___ Given records

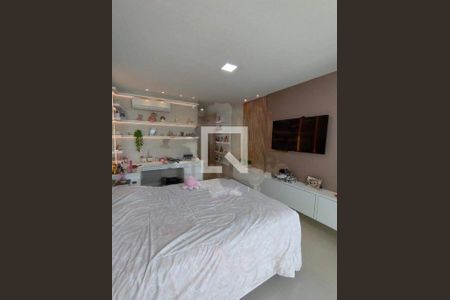 Casa à venda com 5 quartos, 675m² em Barra da Tijuca, Rio de Janeiro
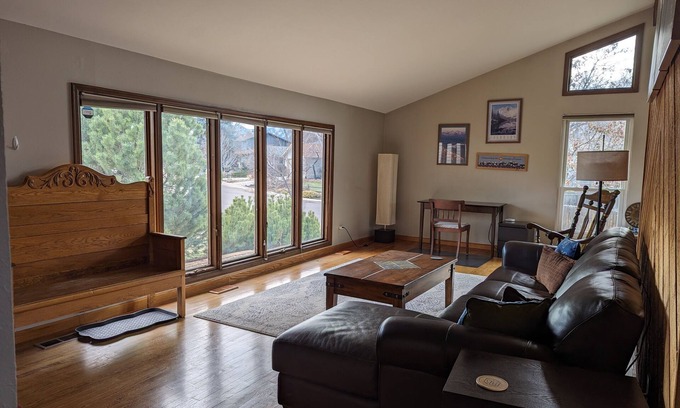 East Boulder House | Spacious house in Boulder with 2 car garage and AC
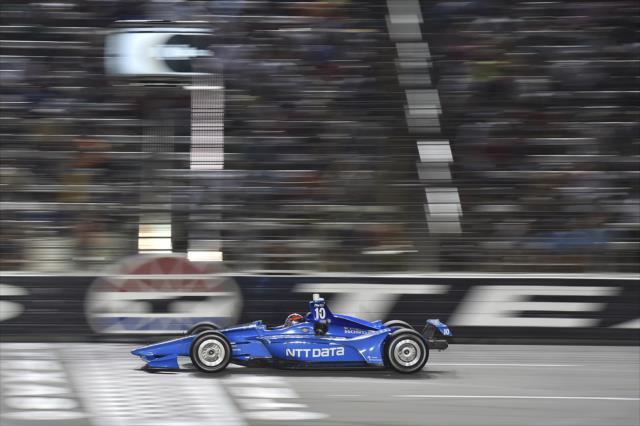 Ed Jones streaks across the start-finish line during the DXC Technology 600 at Texas Motor Speedway -- Photo by: Chris Owens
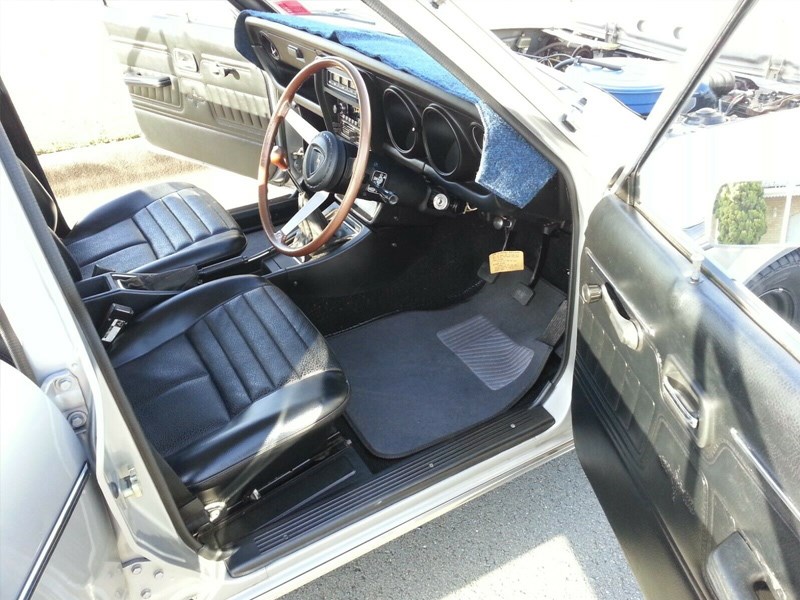 Mazda RX3 interior side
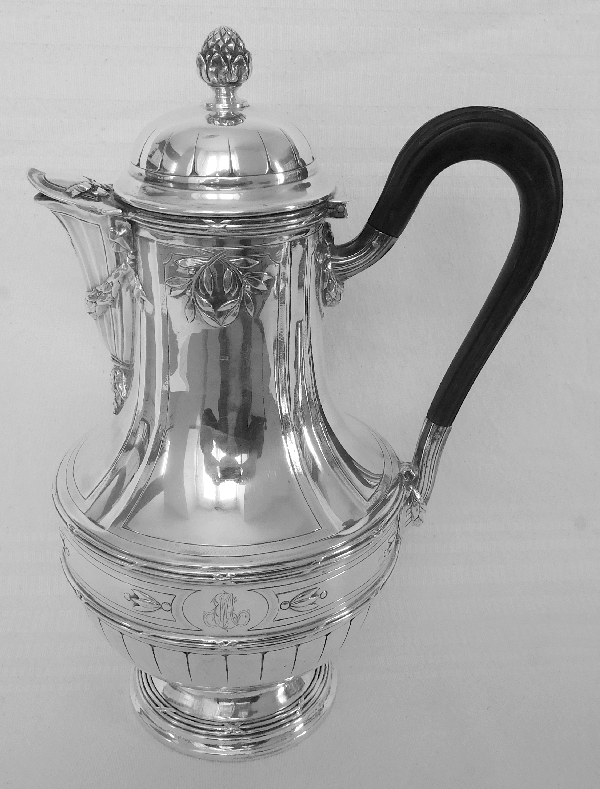 Cafetière / verseuse de style Louis XVI en argent massif par Lapar, poinçon Minerve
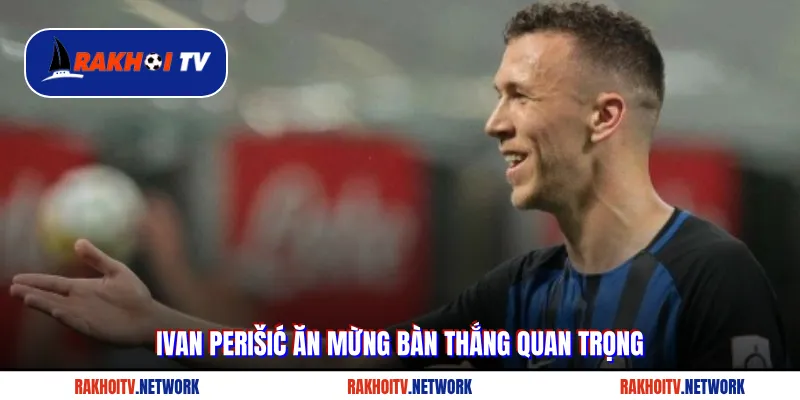 Ivan Perišić ăn mừng bàn thắng quan trọng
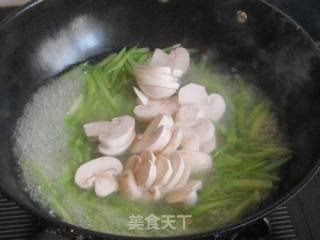 蘑菇片莴笋蛋汤的做法步骤：7
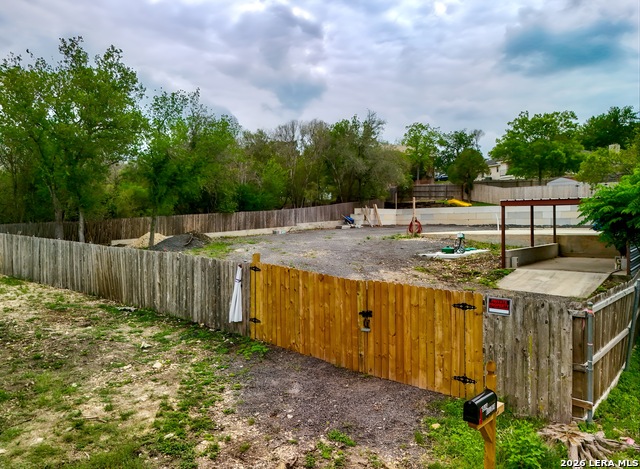 6514 Gilder Property Photo 2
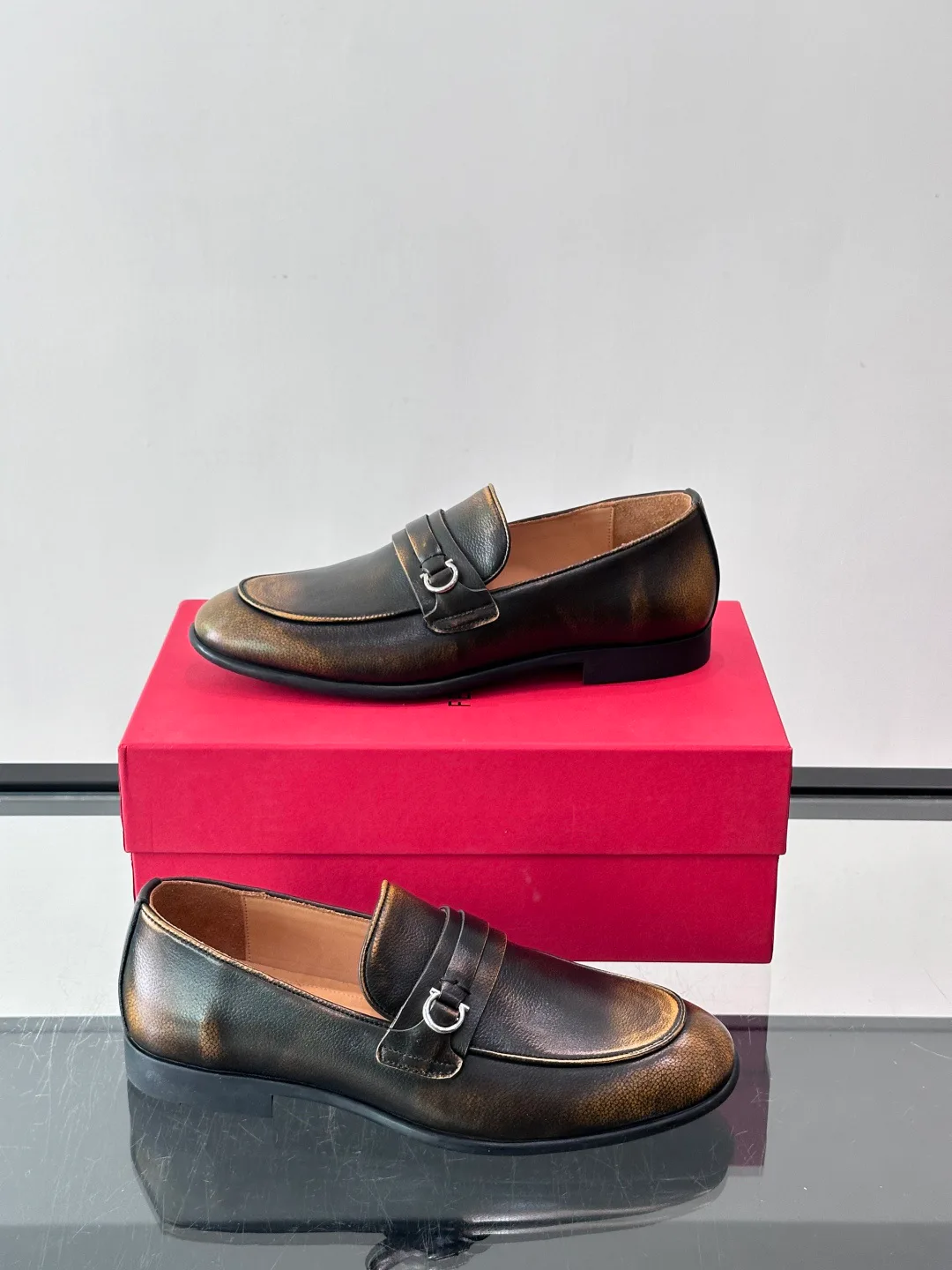 Men's Loafers And Dress Shoes SALVATORE FERRAGAMO 18079439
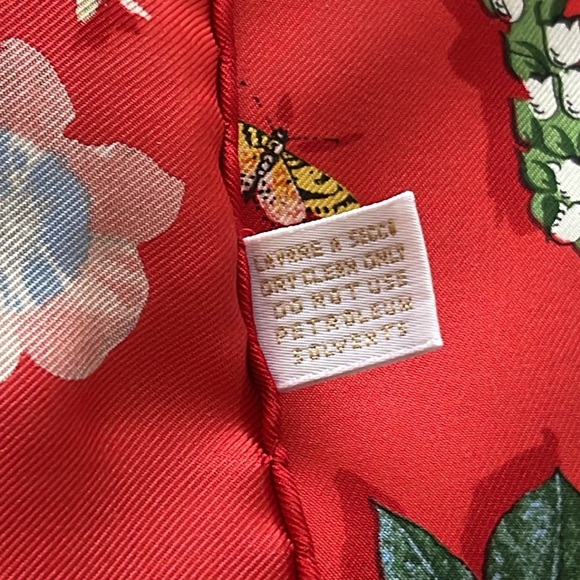 GUCCI FLOWER SILK SCARF NWOT - Picture 8 of 13
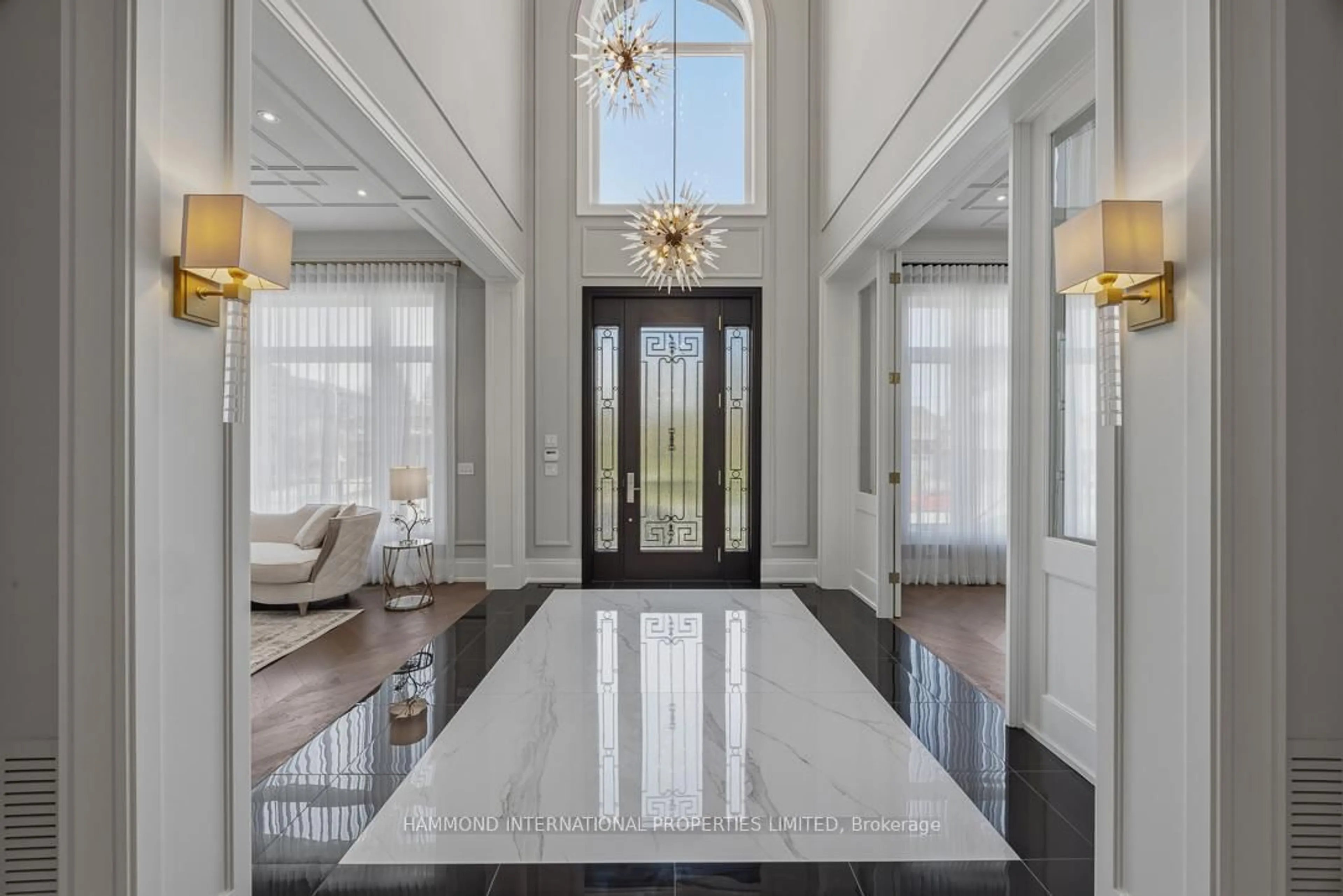 Indoor entryway for 45 Birch Ave, Richmond Hill Ontario L4C 6C4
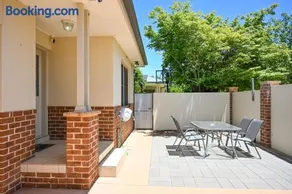 Griffith Prestige Apartment - Image 3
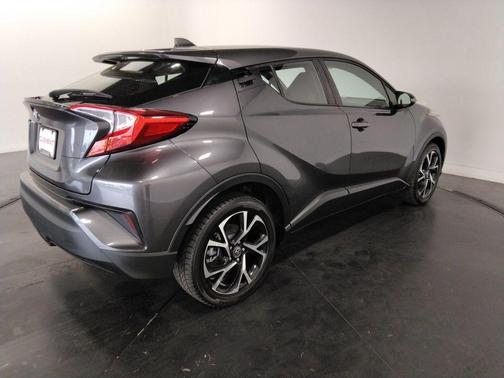 2022 Toyota C-HR XLE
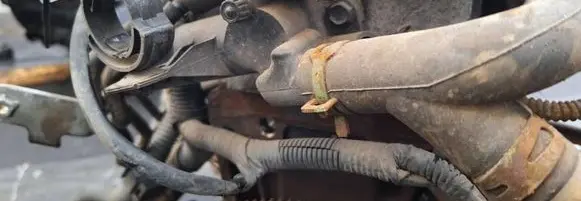 Nissan Note (E11) Engine coolant pipe/hose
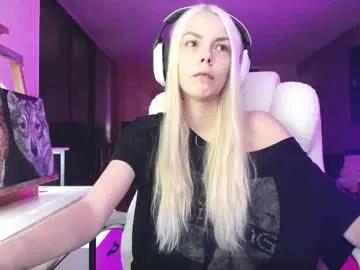 Freechat tinykylie on Chaturbate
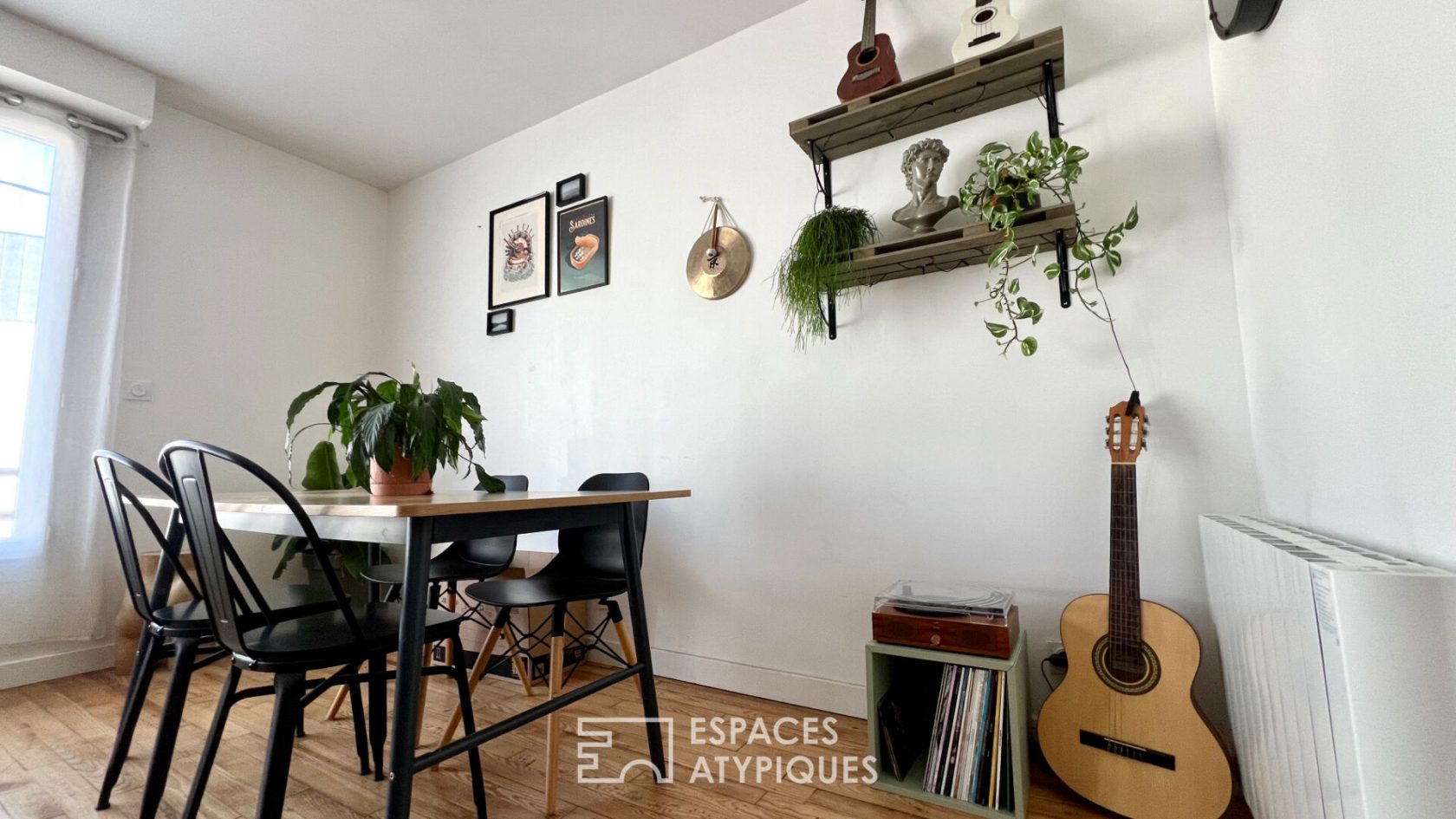 Charmant appartement de 3 pièces rénové avec garage à Merville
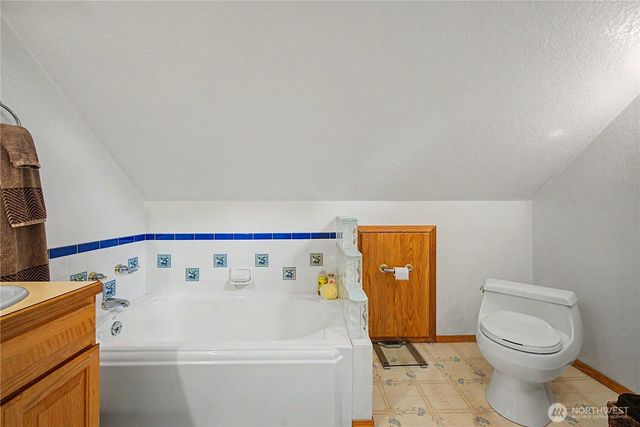 2410 S Lake Roesiger Road, Snohomish, WA 98290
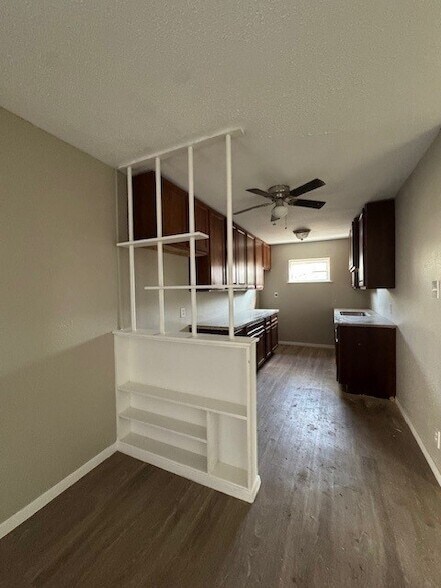 Foto del edificio - 4706 Yellowstone Blvd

______

Task objective
Set down all of the entries precisely and keep the pictures out of the copy.

Solution to this problem
 Casa à venda com 5 quartos, 675m² em Barra da Tijuca, Rio de Janeiro
 East Boulder House | Spacious house in Boulder with 2 car garage and AC
 Ed Jones streaks across the start-finish line during the DXC Technology 600 at Texas Motor Speedway -- Photo by: Chris Owens
 Mazda RX3 interior side
 Cafetière / verseuse de style Louis XVI en argent massif par Lapar, poinçon Minerve
 Ivan Perišić ăn mừng bàn thắng quan trọng
 蘑菇片莴笋蛋汤的做法步骤：7
 6514 Gilder Property Photo 2
 Men's Loafers And Dress Shoes SALVATORE FERRAGAMO 18079439
 GUCCI FLOWER SILK SCARF NWOT - Picture 8 of 13
 Indoor entryway for 45 Birch Ave, Richmond Hill Ontario L4C 6C4
 Griffith Prestige Apartment - Image 3
 2022 Toyota C-HR XLE
 Nissan Note (E11) Engine coolant pipe/hose
 Freechat tinykylie on Chaturbate
 Charmant appartement de 3 pièces rénové avec garage à Merville
 2410 S Lake Roesiger Road, Snohomish, WA 98290
 Foto del edificio - 4706 Yellowstone Blvd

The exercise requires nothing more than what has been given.